In reply to a tweet from Antoine Griezmann congratulating him on his Olympic title, Steven jokingly asked the Bleus striker if he could send him a shirt for his mother, who is a big fan.

Your mother also got something out of your Olympic gold: a shirt from FIFA World Cup™ winner Antoine Griezmann. She was even happier than me. I’d only just won the medal and there she was, asking me if he’d replied to my message yet. I had to calm her down and reassure her. When I told her he’d got back to me, she didn’t talk about anything else. It was more important than my competition and the shirt was more important than my medal (laughs). I didn’t know Antoine and I just wrote to him off the cuff. I’d seen that he was watching the Olympics and was congratulating all the French athletes.

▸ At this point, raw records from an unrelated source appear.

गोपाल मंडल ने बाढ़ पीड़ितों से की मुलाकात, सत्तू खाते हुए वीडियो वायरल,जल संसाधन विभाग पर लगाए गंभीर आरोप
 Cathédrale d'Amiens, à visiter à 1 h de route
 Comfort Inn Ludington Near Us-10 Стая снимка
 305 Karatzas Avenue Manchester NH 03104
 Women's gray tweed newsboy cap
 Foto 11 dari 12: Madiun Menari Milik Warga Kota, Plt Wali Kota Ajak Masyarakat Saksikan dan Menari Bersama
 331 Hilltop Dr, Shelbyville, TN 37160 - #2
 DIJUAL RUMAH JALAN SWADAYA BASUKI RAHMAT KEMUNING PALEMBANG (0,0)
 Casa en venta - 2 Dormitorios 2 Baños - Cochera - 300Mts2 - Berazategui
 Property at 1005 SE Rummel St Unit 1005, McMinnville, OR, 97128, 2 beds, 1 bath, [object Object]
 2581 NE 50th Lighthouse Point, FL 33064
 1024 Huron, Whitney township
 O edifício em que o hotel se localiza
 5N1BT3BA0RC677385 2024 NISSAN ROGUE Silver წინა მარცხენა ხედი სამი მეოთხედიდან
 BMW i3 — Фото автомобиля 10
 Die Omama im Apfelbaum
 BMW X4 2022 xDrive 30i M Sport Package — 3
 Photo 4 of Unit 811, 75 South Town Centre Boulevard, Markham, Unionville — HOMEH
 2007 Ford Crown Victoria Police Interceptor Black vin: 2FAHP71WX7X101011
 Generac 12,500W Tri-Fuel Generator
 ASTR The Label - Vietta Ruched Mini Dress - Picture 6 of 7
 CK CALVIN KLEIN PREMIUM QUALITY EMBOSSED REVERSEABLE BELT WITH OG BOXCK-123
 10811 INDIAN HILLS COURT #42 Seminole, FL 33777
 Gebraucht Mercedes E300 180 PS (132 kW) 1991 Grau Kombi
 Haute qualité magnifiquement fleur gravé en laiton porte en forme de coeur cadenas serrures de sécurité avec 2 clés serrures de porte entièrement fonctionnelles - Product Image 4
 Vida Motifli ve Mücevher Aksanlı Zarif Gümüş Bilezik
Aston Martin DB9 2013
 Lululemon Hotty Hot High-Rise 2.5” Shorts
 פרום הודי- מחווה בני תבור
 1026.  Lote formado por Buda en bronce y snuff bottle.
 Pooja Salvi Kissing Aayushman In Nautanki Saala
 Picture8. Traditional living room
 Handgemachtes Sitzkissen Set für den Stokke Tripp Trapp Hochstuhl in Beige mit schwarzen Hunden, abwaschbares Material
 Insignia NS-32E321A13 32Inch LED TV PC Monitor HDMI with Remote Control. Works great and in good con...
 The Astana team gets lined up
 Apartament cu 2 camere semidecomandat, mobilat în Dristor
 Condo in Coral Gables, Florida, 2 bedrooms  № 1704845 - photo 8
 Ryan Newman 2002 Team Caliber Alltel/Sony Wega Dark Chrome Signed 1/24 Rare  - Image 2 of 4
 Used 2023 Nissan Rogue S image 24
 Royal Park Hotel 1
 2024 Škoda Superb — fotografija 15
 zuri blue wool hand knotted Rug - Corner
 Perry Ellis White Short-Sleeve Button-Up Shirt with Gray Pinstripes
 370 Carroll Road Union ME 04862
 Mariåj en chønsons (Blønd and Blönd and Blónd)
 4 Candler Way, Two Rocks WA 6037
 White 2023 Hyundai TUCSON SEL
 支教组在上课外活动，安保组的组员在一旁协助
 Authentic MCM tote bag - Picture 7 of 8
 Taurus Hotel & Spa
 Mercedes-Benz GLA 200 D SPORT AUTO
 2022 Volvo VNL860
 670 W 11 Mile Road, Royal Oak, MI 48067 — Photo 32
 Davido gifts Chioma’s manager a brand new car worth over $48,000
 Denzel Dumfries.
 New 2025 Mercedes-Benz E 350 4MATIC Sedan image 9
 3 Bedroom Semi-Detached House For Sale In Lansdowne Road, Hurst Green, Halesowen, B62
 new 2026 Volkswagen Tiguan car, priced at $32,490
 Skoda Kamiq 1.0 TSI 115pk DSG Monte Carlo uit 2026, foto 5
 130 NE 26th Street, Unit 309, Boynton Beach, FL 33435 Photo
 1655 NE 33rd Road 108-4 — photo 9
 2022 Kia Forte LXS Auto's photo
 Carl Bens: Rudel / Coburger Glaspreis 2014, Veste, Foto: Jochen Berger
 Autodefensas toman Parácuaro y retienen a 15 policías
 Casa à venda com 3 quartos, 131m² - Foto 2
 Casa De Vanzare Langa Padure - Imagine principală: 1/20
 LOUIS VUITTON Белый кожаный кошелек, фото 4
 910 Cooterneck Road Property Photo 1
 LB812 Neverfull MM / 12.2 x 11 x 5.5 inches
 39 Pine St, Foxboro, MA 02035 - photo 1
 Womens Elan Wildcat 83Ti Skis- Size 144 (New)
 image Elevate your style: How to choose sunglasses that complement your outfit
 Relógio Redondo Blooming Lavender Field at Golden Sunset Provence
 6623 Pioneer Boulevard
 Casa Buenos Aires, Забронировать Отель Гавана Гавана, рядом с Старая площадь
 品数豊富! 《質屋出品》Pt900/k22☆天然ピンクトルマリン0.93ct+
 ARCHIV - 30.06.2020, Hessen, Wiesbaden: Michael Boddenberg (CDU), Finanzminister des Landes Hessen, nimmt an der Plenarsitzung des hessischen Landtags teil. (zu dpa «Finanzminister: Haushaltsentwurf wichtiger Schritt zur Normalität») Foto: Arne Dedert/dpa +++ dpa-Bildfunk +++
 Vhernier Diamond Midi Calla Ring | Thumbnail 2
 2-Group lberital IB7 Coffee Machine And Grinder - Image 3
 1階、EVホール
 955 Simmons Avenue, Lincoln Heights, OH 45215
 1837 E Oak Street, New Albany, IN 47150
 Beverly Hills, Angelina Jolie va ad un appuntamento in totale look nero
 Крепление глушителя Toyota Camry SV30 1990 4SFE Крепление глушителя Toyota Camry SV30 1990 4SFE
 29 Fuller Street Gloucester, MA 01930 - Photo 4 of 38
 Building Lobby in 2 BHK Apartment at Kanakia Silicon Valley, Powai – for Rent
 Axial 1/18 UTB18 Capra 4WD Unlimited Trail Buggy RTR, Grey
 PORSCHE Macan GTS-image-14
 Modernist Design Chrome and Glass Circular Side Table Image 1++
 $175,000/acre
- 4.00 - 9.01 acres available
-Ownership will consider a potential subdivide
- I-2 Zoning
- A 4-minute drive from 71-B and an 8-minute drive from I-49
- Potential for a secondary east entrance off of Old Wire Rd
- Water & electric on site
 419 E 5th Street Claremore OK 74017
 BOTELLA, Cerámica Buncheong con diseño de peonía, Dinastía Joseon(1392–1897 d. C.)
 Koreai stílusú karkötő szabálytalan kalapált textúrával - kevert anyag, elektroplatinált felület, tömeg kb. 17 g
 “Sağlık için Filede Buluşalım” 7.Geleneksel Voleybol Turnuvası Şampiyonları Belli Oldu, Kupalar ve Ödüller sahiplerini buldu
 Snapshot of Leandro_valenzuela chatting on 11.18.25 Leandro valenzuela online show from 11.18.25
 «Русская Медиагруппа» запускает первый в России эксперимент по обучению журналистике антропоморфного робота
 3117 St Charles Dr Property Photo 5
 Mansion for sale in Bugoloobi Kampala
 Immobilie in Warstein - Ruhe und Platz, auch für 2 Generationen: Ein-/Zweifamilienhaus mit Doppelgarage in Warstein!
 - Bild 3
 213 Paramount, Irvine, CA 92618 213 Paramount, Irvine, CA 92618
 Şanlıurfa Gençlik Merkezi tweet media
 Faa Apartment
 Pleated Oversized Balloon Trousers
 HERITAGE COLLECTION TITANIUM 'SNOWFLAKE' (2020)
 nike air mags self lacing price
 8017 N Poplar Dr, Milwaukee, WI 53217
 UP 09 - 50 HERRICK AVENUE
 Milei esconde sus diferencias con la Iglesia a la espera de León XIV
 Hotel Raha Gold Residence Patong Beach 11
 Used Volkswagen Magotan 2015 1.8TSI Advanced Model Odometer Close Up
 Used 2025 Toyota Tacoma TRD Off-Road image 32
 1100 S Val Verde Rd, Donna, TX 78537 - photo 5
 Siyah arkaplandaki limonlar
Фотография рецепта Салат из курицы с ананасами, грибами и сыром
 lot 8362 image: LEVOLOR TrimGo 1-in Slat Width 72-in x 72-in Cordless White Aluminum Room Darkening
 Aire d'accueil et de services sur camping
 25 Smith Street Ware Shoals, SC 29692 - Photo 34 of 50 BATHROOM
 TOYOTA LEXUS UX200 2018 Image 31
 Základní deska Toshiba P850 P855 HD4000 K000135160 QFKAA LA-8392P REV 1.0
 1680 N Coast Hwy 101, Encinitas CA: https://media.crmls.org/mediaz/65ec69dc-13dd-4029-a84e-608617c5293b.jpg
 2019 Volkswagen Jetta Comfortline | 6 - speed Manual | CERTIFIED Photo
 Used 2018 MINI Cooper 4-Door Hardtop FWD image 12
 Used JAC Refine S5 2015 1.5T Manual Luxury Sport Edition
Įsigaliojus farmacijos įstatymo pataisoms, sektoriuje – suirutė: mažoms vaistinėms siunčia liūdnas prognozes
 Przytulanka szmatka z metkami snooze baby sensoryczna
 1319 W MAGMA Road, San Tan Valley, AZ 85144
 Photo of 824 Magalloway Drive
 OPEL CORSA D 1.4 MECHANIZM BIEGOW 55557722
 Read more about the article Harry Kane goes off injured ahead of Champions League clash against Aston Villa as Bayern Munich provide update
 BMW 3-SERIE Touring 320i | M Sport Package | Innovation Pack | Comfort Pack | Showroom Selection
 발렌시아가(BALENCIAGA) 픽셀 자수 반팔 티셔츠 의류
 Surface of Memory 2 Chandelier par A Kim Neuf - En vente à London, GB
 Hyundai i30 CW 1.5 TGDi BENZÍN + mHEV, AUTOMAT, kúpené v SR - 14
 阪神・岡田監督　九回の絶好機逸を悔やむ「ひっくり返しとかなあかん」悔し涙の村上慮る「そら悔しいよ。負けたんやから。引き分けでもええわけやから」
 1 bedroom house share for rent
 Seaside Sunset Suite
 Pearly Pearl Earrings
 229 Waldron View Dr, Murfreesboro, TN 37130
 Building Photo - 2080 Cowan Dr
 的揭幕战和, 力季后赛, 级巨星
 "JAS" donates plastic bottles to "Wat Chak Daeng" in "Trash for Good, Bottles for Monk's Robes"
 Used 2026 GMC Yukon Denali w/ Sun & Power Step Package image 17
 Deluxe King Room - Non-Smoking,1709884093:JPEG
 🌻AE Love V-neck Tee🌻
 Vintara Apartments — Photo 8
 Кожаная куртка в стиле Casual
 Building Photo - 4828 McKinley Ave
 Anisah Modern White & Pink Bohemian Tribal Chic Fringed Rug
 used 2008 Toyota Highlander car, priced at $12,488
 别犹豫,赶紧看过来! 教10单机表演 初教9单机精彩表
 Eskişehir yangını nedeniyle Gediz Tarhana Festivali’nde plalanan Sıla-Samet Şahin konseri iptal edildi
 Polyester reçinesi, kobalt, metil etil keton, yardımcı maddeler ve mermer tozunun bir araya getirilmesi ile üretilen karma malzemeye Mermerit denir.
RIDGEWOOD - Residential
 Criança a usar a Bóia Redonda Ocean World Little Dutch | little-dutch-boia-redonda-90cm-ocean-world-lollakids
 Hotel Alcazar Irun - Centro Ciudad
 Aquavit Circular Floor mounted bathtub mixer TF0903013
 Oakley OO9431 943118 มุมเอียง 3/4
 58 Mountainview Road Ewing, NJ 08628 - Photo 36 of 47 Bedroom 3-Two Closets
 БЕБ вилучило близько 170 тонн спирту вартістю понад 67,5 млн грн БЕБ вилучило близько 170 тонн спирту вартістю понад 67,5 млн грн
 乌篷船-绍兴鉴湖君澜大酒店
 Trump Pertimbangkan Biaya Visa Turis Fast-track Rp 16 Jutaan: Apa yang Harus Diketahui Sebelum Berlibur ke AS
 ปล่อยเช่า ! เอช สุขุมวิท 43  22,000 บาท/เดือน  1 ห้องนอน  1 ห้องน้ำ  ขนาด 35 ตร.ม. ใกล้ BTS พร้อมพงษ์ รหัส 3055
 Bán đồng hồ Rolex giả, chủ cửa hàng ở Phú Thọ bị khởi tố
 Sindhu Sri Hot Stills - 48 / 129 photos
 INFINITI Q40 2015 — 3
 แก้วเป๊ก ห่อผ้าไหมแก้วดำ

I was surprised by his generosity and how nice he was. He sent us two shirts. He doesn’t do things by half. We’ve messaged each other a few times since then, but the season’s back up and running again and we’re both busy.

What’s your favourite football memory? The 2018 World Cup – what else? I watched the lot and I felt so proud. When France win we all win, every French person. They were top of the pile. It’s my happiest memory because I was only one in 1998 [when France won their first World Cup].

You know how it feels to wear the France jersey. Do you think that means you experience the team’s successes in a different way to the fans in the street? Not really. I understand the sacrifices and the work that goes into it, but there’s sport and then there’s football. They’re two different worlds. Football’s a different thing entirely. Winning the World Cup is huge. More people play football than any other sport in the world and the standard is so high. It’s so hard to win a trophy in football. It’s difficult for me to imagine being in their place so I just follow it like any other fan. I’m not an expert on it. Compared to what I do, team sports are on another dimension.

What are your first football memories? I was between eight and 13. I played football for a long time and I loved it. I got to the stage, though, where I had to make a choice. I was playing too much sport. And I choose karate because the whole family did it, which made it a stronger connection. It was tough to give up, though.

Who’s your favourite team? I’m a big France fan but I don’t really support a club. There wasn’t a big club that appealed to me where I lived, in my region. For the last few years, though, I’ve been cheering on Real Madrid because of Cristiano Ronaldo.

The best player of the year will be announced at The Best FIFA Football Awards in a few weeks. Who’s your favourite for it? The man who’s always at the top: Cristiano Ronaldo. He’s always maintained his standards wherever he’s played, all the way through his career. I don’t think he’ll win it this year, but I hope he does. You look at his career, how professional he is, and his lifestyle, and you can see that he’s a real sportsman, a true champion. I’m not in his league. I’m not a model athlete. I train hard, that’s for sure, and I’ve got the drive, but when it comes to lifestyle I’m not exactly an example to follow (laughs). But everyone’s different. I don’t think it would work for me, but it does for some. He’s just an out-and-out champion.